If you are unsure how to specify such a contract then can you please comment what information you would like to see.
In other words - if we decide to add such a function we need to write down exactly how we want this function to work in DataFrames.jl before it gets implemented; having a pandas reference is nice, but there is no 1 to 1 correspondence between pandas and DataFrames.jl data frame object specifications.
Also - do you want info
to work only on AbstractDataFrame
or also on DataFrameRow
and GroupedDataFrame
?
From the legal perspective I do not want to use what pandas does verbatim, as it has a different licensing model (BSD-3) than DataFrames.jl (MIT), but this is a minor thing. I rather prefer to work out what makes sense in the Julia ecosystem and implement it (even if it is very similar to pandas)

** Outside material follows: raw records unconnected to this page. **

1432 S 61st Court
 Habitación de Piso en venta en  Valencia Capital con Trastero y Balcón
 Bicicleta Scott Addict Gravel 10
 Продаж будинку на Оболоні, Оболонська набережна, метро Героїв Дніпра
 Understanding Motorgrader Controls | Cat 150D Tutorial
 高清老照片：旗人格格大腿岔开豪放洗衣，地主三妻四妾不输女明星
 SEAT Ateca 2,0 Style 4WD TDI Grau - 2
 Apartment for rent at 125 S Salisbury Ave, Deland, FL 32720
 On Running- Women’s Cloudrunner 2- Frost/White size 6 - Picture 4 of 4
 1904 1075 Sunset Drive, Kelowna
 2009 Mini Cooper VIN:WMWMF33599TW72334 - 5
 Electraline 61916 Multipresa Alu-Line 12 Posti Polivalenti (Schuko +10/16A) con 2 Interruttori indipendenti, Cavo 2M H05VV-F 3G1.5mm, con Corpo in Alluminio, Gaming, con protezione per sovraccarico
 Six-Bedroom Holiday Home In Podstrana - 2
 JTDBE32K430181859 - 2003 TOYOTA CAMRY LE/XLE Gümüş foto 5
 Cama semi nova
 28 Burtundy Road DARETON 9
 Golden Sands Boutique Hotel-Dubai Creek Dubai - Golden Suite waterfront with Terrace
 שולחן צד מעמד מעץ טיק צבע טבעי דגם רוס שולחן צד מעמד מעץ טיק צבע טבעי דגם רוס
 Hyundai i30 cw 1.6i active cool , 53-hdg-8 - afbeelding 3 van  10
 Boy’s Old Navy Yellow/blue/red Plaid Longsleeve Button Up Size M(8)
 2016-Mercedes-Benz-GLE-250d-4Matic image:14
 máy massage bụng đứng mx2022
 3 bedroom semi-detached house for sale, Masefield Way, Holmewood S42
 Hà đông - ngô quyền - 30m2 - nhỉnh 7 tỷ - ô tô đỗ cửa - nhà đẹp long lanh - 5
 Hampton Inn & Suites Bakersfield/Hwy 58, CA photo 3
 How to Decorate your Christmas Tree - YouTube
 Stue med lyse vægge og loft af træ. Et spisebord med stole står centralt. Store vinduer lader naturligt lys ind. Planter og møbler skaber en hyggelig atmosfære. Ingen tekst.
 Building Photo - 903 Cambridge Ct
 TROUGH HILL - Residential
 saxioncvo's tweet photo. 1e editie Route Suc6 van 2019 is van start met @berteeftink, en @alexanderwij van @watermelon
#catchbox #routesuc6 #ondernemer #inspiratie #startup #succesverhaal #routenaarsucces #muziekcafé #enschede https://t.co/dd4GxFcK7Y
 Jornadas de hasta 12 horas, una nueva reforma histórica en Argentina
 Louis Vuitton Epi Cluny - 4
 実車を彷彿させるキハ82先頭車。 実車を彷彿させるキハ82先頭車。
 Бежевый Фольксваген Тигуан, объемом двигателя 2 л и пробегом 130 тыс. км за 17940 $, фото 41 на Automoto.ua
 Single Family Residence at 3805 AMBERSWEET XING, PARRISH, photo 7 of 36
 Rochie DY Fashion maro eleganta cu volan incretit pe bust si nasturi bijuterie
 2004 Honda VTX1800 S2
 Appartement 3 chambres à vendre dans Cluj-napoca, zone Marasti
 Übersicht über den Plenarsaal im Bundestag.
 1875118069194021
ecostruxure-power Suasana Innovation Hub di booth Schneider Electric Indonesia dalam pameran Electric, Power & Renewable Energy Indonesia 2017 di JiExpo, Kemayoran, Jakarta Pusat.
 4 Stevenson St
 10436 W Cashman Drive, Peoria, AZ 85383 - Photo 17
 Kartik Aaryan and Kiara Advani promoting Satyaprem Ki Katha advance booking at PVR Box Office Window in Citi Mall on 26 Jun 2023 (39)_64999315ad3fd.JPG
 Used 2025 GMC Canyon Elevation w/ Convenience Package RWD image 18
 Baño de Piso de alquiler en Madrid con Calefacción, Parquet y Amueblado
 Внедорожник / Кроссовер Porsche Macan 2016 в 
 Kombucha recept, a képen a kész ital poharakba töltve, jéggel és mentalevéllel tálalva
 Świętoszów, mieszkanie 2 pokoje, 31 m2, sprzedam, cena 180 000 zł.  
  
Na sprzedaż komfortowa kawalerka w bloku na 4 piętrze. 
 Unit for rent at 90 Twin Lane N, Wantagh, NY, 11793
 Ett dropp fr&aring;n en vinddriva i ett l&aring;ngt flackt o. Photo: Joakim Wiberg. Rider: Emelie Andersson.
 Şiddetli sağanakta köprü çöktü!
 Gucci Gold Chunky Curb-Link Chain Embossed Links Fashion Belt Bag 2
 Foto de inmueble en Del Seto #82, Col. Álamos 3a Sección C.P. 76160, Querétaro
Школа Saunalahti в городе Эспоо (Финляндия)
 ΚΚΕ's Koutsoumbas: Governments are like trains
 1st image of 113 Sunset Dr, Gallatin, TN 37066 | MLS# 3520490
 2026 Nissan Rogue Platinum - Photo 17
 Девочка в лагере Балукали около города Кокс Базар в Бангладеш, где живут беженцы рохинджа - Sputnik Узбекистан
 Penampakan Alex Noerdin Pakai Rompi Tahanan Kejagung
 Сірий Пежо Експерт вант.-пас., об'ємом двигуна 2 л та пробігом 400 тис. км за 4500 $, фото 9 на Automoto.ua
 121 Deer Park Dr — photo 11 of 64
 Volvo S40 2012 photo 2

I would like to see informationI like this:
julia> info(df[, args])
4×3 DataFrame
Data columns (total 3 columns):
# Column Non-Null Count Dtype
--- ------ -------------- -----
0 int_col 5 non-null int64
1 text_col 5 non-null object
2 float_col 5 non-null float64
Index info
memory usage: 248.0+ bytes
hope it work on AbstractDataFrame, DataFrameRow, GroupedDataFrame.
I'm not convinced we should add this. DataFrames tries to keep a simple and composable API so that users can master it, we don't want to add convenience functions just to mirror pandas or other implementations.
Regarding Pluto, I don't really see the advantage of having a dedicated function: wouldn't a widget be able to call describe
and summarysize
and concatenate the outputs?
The point that nmissing
is hard to interpret without knowing the number of rows is interesting, but separate I think. I'd rather print the proportion of missing value if that's the case.
info() and describe() have different functions: info() is get metadata of dataframe immediate. describe() is statistics on dataframe cols, It takes some computation time.
describe() + summarysize to get info, unnecessary cols statistical work was done.
df.info() in pandas is a useful function !
Hope DataFrames.jl have a same function.